Muchos de los beneficiados en realidad no lo merecen, pero terminan siendo favorecidos. Otros pocos hacen méritos, pero cuando los juzgamos inevitablemente terminamos metiéndolos en la bolsa común de la mediocridad.
Dejamos la calidad de lado y privilegiamos otras cosas. Y muchos están de acuerdo con que seamos tan poco exigentes con ellos.
Vista así la cuestión, no podemos sino concluir que en realidad los grandes aplazados somos nosotros. Aplazados porque bajamos la escala de exigencias y cambiamos las reglas que habíamos creado.
Es el sistema. Ese entramado de normas sociales –escritas o no– que da como resultado lo que hoy tenemos a la vista, la consagración de la mediocridad de los elegidos.
El primer paso para corregirlo es asumir el error, darnos cuenta de que solo favorecemos a quienes no hicieron méritos para acceder al premio y que algo está fallando en el sistema de selección que proponemos.
No, no estoy hablando de los chicos que dieron las pruebas para las becas de Itaipú. Ellos son solo una consecuencia de que los adultos avalamos un sistema educativo acrítico y de sumisión. Un sistema que excluye con base en la capacidad económica, y que instaló la triste idea de que generalmente un colegio privado es mejor que uno público para la educación de nuestros hijos.
No estoy hablando de eso, le estoy hablando de otra cosa, de cómo y a quiénes elegimos. De qué parámetros tenemos en cuenta cuando en las casillas electorales nos enfrentamos a ese papel que se asemeja a un test de selección múltiple en el que nuestras fallas inciden directamente en las vidas de todos.
Ese es el examen en el que no nos jugamos una beca, sino la vida misma, y en el que penosamente no somos tan rigurosos como deberíamos serlo y bajamos peligrosamente la escala de las exigencias para los postulantes.

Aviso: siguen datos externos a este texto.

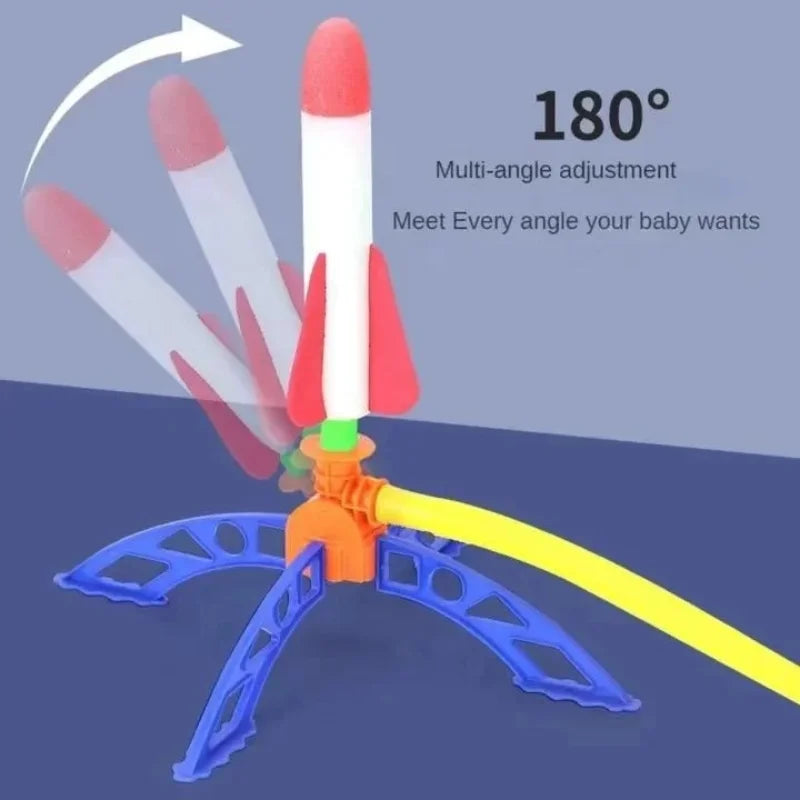 Kids Outdoor Rocket Foot Pump Outdoor Air Pressing Soaring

O si no cómo se explica que terminamos votando a pésimos intendentes, gobernadores y concejales, que se quedan con el dinero público destinado a la educación y ni siquiera pueden acercarse a sus oficinas por prohibición judicial; o a varios diputados y senadores que hasta nos pasan la cuenta de sus fiestas, haciéndonos pagarles sueldos a sus amantes, familiares y operadores políticos; o a presidentes que improvisan y nos dicen que vamos por rumbos nuevos, pero nos presentan a viejos conocidos de muy malos recuerdos en su equipo.
El sistema. Alguno dirá que reproduce exactamente lo que somos. Permítanme disentir, es lo que quieren que creamos que somos.
Pero ¿cómo se rompe este círculo vicioso? Un primer paso sería entender que si bien el voto es una de las principales formas de participación política, no es la única.
Activar, organizarse, cumplir, exigir, denunciar, participar, proponer y controlar son algunas otras.
Pero sobre todo abandonar la ingenua idea de que hay que dejar la política solo en manos de los políticos, confundiendo a la auténtica política con la politiquería y a los políticos con los politiqueros.
Ingenua idea, por pensar que quienes vienen beneficiándose de este sistema lo van a transformar para perder sus privilegios. Cambiarlo desde abajo, con una activa participación ciudadana y el compromiso de intentar dejar un mejor país para quienes vendrán luego de nosotros.
En síntesis, involucrarnos, porque como sentenció Platón hace más de 2.300 años, “el precio de desentenderse de la política es el ser gobernado por los peores hombres”.